►

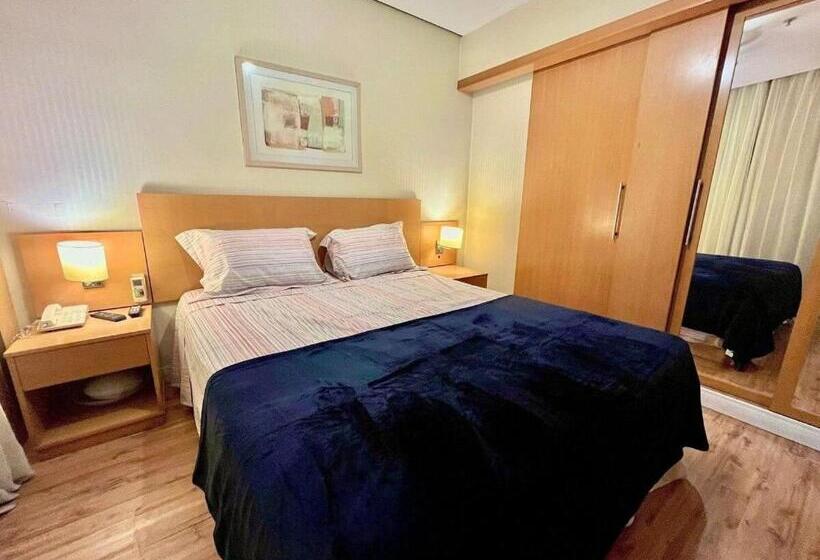 اتاق ساده سه‌ نفره, Lflats No Hotel Stella Vega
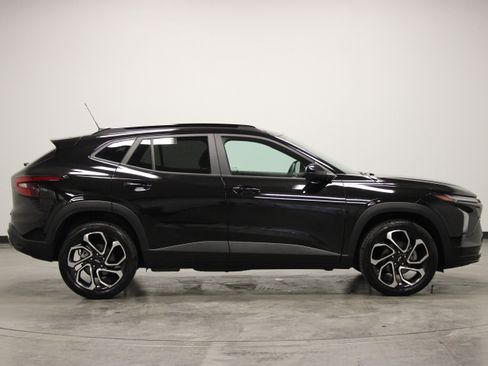 Used 2024 Chevrolet Trax RS w/ Sunroof Package FWD image 9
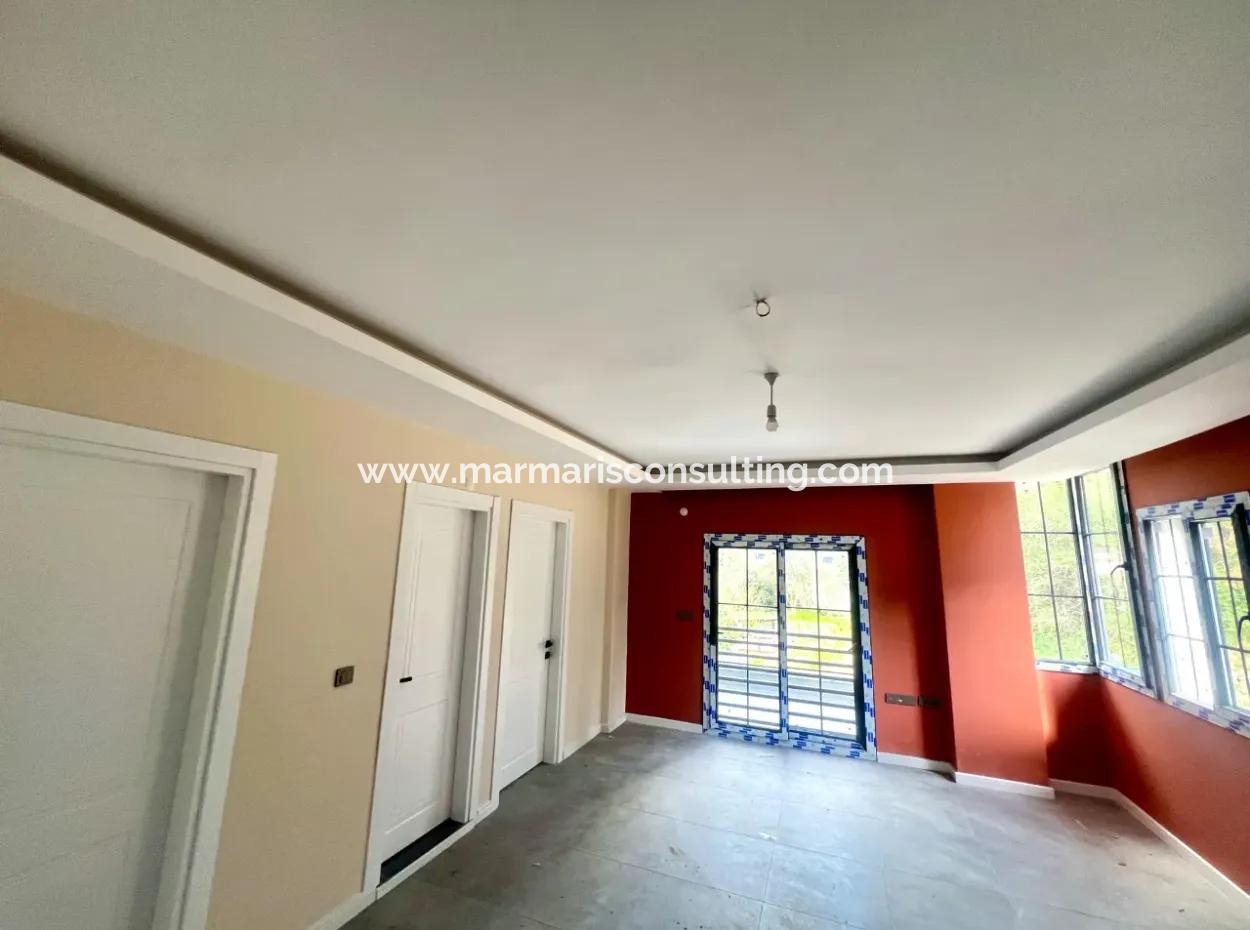 Luxuswohnung Zum Verkauf Mit Swimmingpool Im Stadtteil Gökçe Des Bezirks Ula Der Provinz Muğla 2 Km Zum Meer Mit Blick Auf Den Wald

◄

» **Instructions for the task**: When you retype the material above, keep every word exact and drop the images.

» **Reply to the exercise**:
 اتاق ساده سه‌ نفره, Lflats No Hotel Stella Vega
 Used 2024 Chevrolet Trax RS w/ Sunroof Package FWD image 9
 Luxuswohnung Zum Verkauf Mit Swimmingpool Im Stadtteil Gökçe Des Bezirks Ula Der Provinz Muğla 2 Km Zum Meer Mit Blick Auf Den Wald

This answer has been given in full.